In its landmark Citizens United decision, the U.S. Supreme Court struck down the federal ban on certain political speech by nonprofit membership associations, including the National Rifle Association. In an effort to mischaracterize that ruling as something other than a vindication of the free speech and associational rights of millions of American citizens, some have repeatedly attempted to effectively reverse or significantly limit the scope of Citizens United. The latest attempt in this regard is S. 3369.
The NRA has been around since 1871. Our members contribute for the purpose of speaking during elections and participating in the political process. We will not risk our Association or our members being silenced at election time, as S. 3369 would do, while the national news media, politicians and others are allowed to attack us at will. The NRA is a bipartisan, single-issue organization made up of millions of individual members dedicated to the protection of the Second Amendment. The NRA stands absolutely obligated to our members to ensure maximum access to the First Amendment, in order to protect and preserve the freedom of the Second Amendment.
Among the many problems with the DISCLOSE Act are its unconstitutional disclosure provisions. These provisions require organizations to turn membership and donor lists over to the government. Under the First Amendment however, as recognized in a long line of Supreme Court cases, citizens have the right to speak and associate privately and anonymously.
Further, the DISCLOSE Act creates byzantine administrative burdens that will suffocate individual citizen associations. The Court in Citizens United was clear: “As additional rules are created for regulating political speech, any speech arguably within their reach is chilled.” This bill attacks nearly all of an association’s political speech by creating an arbitrary patchwork of unprecedented tracking and disclosure requirements. Nonprofit associations would have to track the political priorities of each of its individual members. The cost of complying with these requirements will be immense; for many associations they may prohibit speaking altogether. That violates both the spirit and the letter of the First Amendment.
In addition, S. 3369 would give the FEC the power to require the NRA to reveal private, internal discussions with its millions of members about political communications. This unnecessary and burdensome requirement would leave it to government officials to make a determination about the type and volume of speech that would trigger potential criminal penalties, which is unacceptable.

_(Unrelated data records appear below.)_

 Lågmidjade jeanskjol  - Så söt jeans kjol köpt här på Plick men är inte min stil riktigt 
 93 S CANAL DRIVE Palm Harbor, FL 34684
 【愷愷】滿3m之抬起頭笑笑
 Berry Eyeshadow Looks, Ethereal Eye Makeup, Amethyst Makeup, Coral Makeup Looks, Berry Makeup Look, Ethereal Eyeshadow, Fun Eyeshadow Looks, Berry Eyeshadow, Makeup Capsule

Recent media accounts of retaliation against certain political donors reveal the true intent behind this legislation. It is not simply a “disclosure bill”, as its authors claim. Rather, it is a not-so-transparent attempt to rend Citizens United into a legal nullity, by chilling the very speech rights that were restored in that landmark decision.
Due to the importance of the fundamental speech and associational rights of the National Rifle Association’s four million members, and considering the blatant attack on those rights that S. 3369 represents, we strongly oppose the DISCLOSE Act and will consider votes on this legislation in future candidate evaluations.